Records for the task
◆ ◆ ◆ ◆ ◆
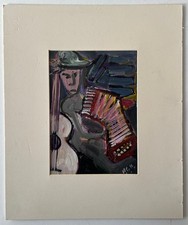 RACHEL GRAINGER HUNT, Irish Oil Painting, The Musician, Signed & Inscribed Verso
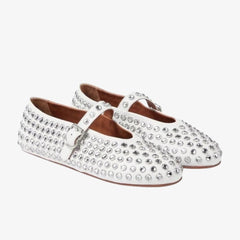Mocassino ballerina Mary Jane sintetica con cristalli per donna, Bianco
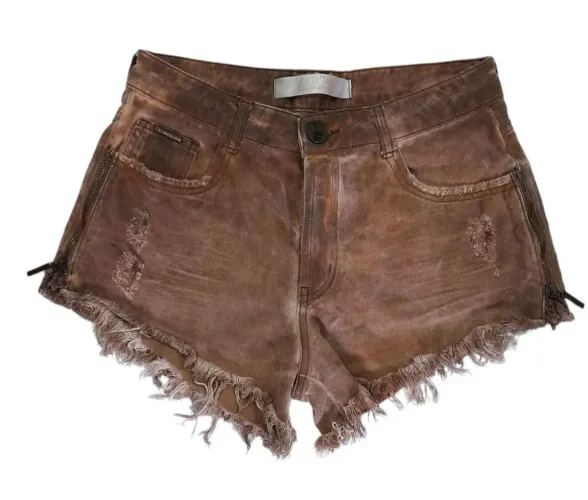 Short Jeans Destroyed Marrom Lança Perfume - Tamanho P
◆ ◆ ◆ ◆ ◆
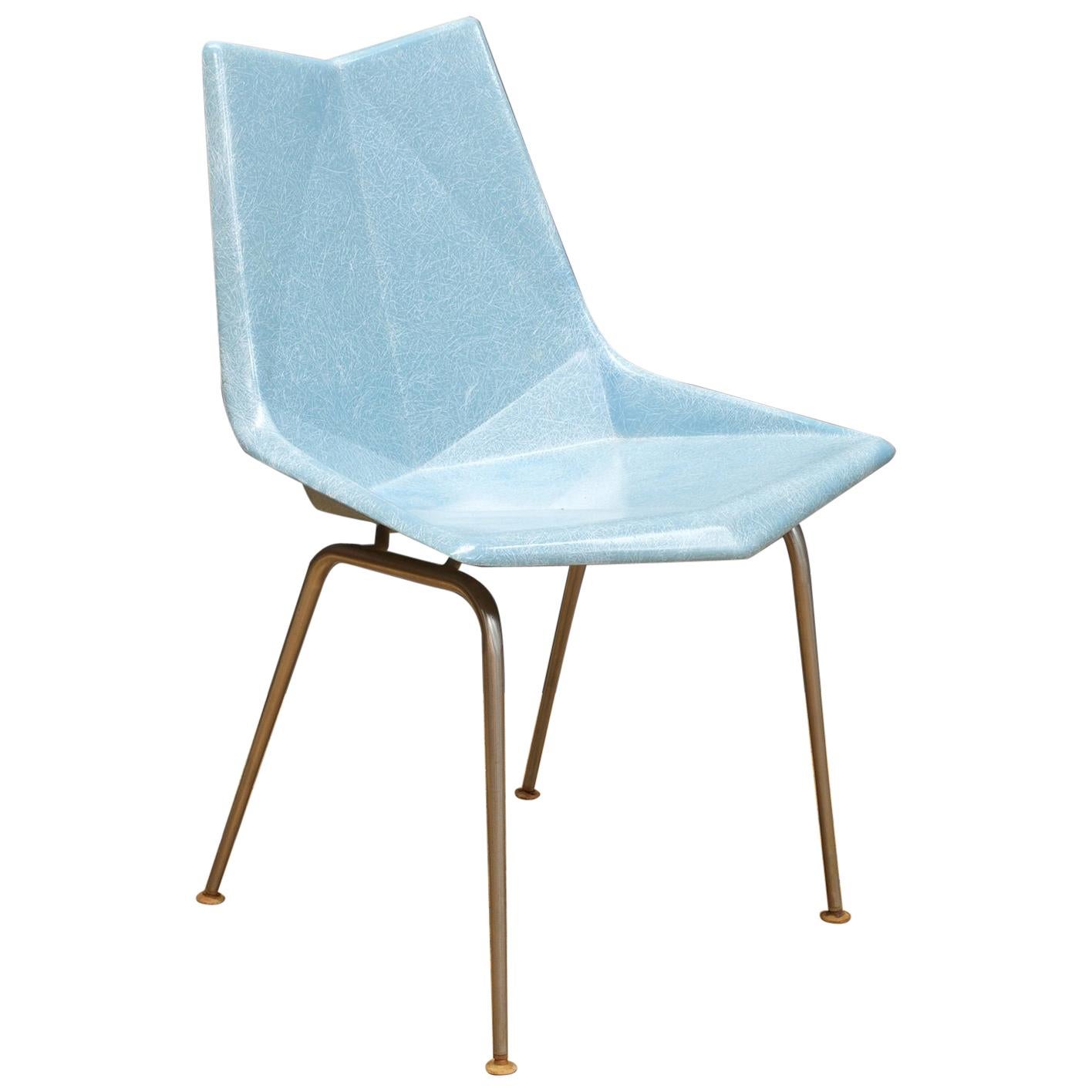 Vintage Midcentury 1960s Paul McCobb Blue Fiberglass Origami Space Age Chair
◆ ◆ ◆ ◆ ◆
Exercise description
The copy should hold exactly the lines above from the one with "RACHEL GRAINGER HUNT, Irish" through the one with "Short Jeans Destroyed", both ends counted, and no pictures at all.

Written reply
 RACHEL GRAINGER HUNT, Irish Oil Painting, The Musician, Signed & Inscribed Verso
Mocassino ballerina Mary Jane sintetica con cristalli per donna, Bianco
 Short Jeans Destroyed Marrom Lança Perfume - Tamanho P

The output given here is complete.